It’s always hard to judge a show for children when you don’t actually have a child in tow. The Lost Lending Library, Punchdrunk’s contribution to the Edinburgh International Festival, firmly states that adults must be accompanied by a child. Exceptions were made for reviewers.
A small group of us, then, mainly children, are ushered into a corner of the bar of the Church Hill Theatre to be greeted by a librarian called Perry (Simon Maeder), a symphony in browns and earnestness, who introduces himself as an apprentice guardian in The Lost Lending Library, all 314 floors of it, which jumps from place to place “connecting with the best imaginations around the world.”
But when he sweeps aside the curtain that ostensibly leads us into this magical place, the door has vanished. That’s the beginning of a journey to find the library and understand the possibilities of imagination.
First, a tray of assorted objects – a snowstorm, a spaceship, a globe, a wellington boot – is brought out and the children are encouraged to build a story (setting, character, qualities, problem, resolution), then we search around a larger space for clues. Finally, we are ushered into a tiny room, where we sit and listen to another story and have our efforts gently rewarded. (With a library card!)
The show, written and directed by Mia Jerome and produced by Punchdrunk Enrichment (the educational arm of the immersive theatre company), reveals all the merits of their approach.
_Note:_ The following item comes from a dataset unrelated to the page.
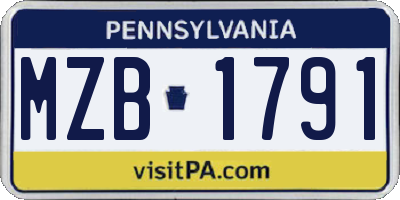 PA license plate MZB1791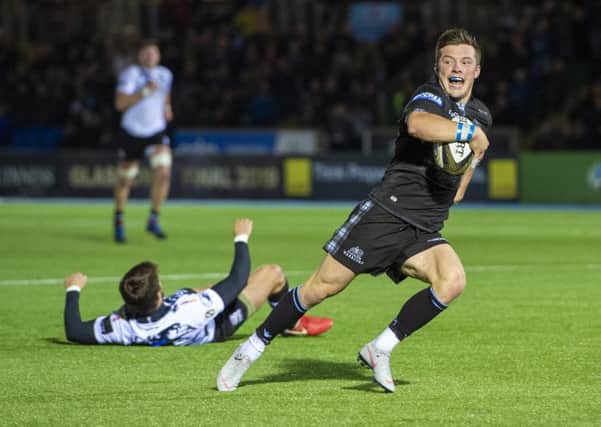 George Horne breaks clear to score Glasgow's fourth try. Picture: SNS/SRU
The detail in Kate Rigby’s original design of the library, when we eventually enter what we are told is the Miscellaneous Section, is a joy. The meticulous set building has created a room where paper planes fly overhead, a little train runs through the crammed bookshelves, and inspirational photographs of figures such as Malala Yousafzai are pinned to the walls.
There are sinister rumbles from the sound system, and phones that are hidden within piles of books. There are mementoes of Italy, Mexico and a treasure trove of peals and precious jewels. Dusty labels, cobwebs and fascinating volumes abound.
But the disadvantages of the approach are on view too. There isn’t enough attention paid to the power of the narrative; the stories told are bland. And there is too much verbal emphasis on the fact that we are all capable of imagining the best stories of all. Being told it over and over again is no compensation for the fact that the structure – unusually for Punchdrunk – doesn’t allow time to explore the space on your own, or to let your thoughts really run riot in the minutiae of the wonderful world they have created.
Some of my younger companions seemed engrossed; others were clearly bored, perhaps willing to be more adventurous than the constraints imposed upon them. It’s a pleasant hour, but not a transformative one.